▸ **WHAT YOU WILL DO**
Two lines in the data below mark the range: the one with "Judy Blue Medium" and the one with "TERRY'S APARTMENT NAMBA SOUTH I V04A 大阪". Return both, along with every line between them, exactly.

▸ **DATA**
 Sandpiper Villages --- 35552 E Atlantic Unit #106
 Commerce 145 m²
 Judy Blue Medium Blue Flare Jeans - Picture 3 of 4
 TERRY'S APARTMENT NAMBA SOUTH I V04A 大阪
...
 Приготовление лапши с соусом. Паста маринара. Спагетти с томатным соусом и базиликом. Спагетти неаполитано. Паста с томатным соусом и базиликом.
...
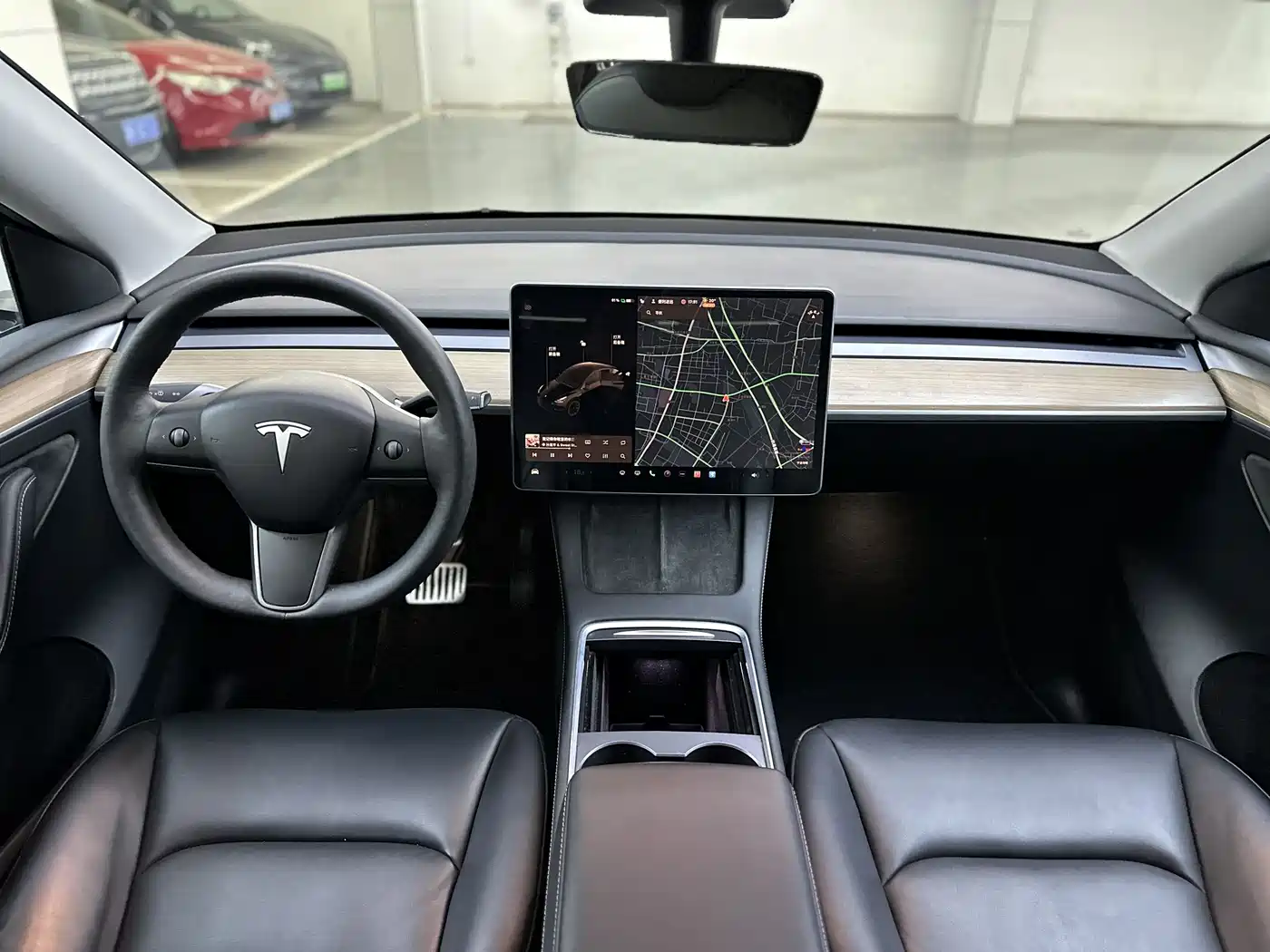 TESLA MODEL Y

▸ **PROBLEM SOLUTION**
 Judy Blue Medium Blue Flare Jeans - Picture 3 of 4
 TERRY'S APARTMENT NAMBA SOUTH I V04A 大阪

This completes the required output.